Consider the statement "3 is prime". There are two definitions embedded here:

  • 3 is the successor of the successor of the successor of zero.

  • a positive integer is prime if it has exactly two divisors.

The notion of the 'successor' is usually supplied by some axiom scheme such as Peano Arithmetic, in order to assert that there exists the integer zero, and a successor to any integer. Even if we set that aside, how do you propose to obtain an exhaustive search of all of the integers for possible divisors of 3, to ensure that there are exactly two such divisors? In practise, we reduce the search space to the integers 1, 2, and 3, because we may prove that multiplication has certain properties of monotonicity with respect to the total order defined on the integers by extending a < a+1 transitively. This is as much axiomatic as the sort of reasoning that allows us to infer that any finite list of primes is incomplete.

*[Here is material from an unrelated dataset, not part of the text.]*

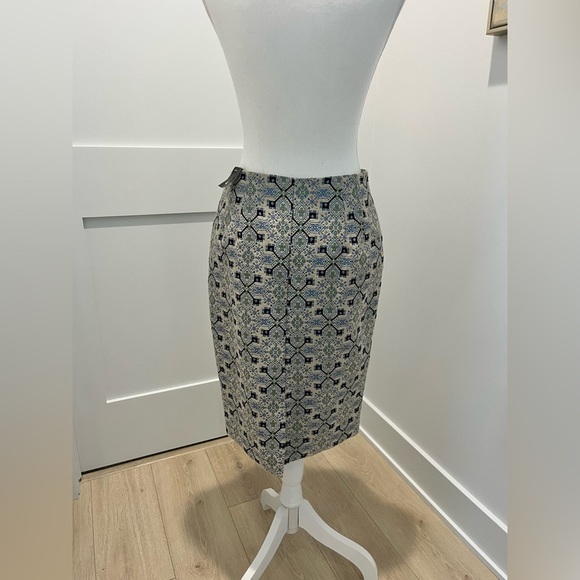 The Limited High Waist Pencil Tapestry Skirt NWT metallic back slit jacquard 4 - Picture 4 of 14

Conversely, because we may reason axiomatically to obtain a procedure of bounded length to find the divisors of any positive integer, we can also reason axiomatically to obtain an algorithm which is guaranteed to halt (and with a bound on its running time) for any list of primes a further prime which is not contained in the list. The fact that we cannot demonstrate by exhaustion that every prime is smaller than some prime afterward, is not any more problematic than the fact that we cannot demonstrate by exhaustion that any of the integers larger than three can be a divisor; they are the same sort of statement.

Generally, the only reason why any sort of "numerical experiment" could be used to ascertain any facts at all beyond mere existence theorems is because we adopt principles, either axiomatic or intuitive (that is, pre-axiomatic), which allow us to infer certain consequences from an investigation of only a finite search space. For instance, by investigation of a finite search space, we may show that 3 has at least two factors; but to show that it has no more is a universal statement, not an existential one, and so requires axioms which allow us to infer universal statements. And without principles which assert the existence of certain objects, even existence theorems cannot be proven.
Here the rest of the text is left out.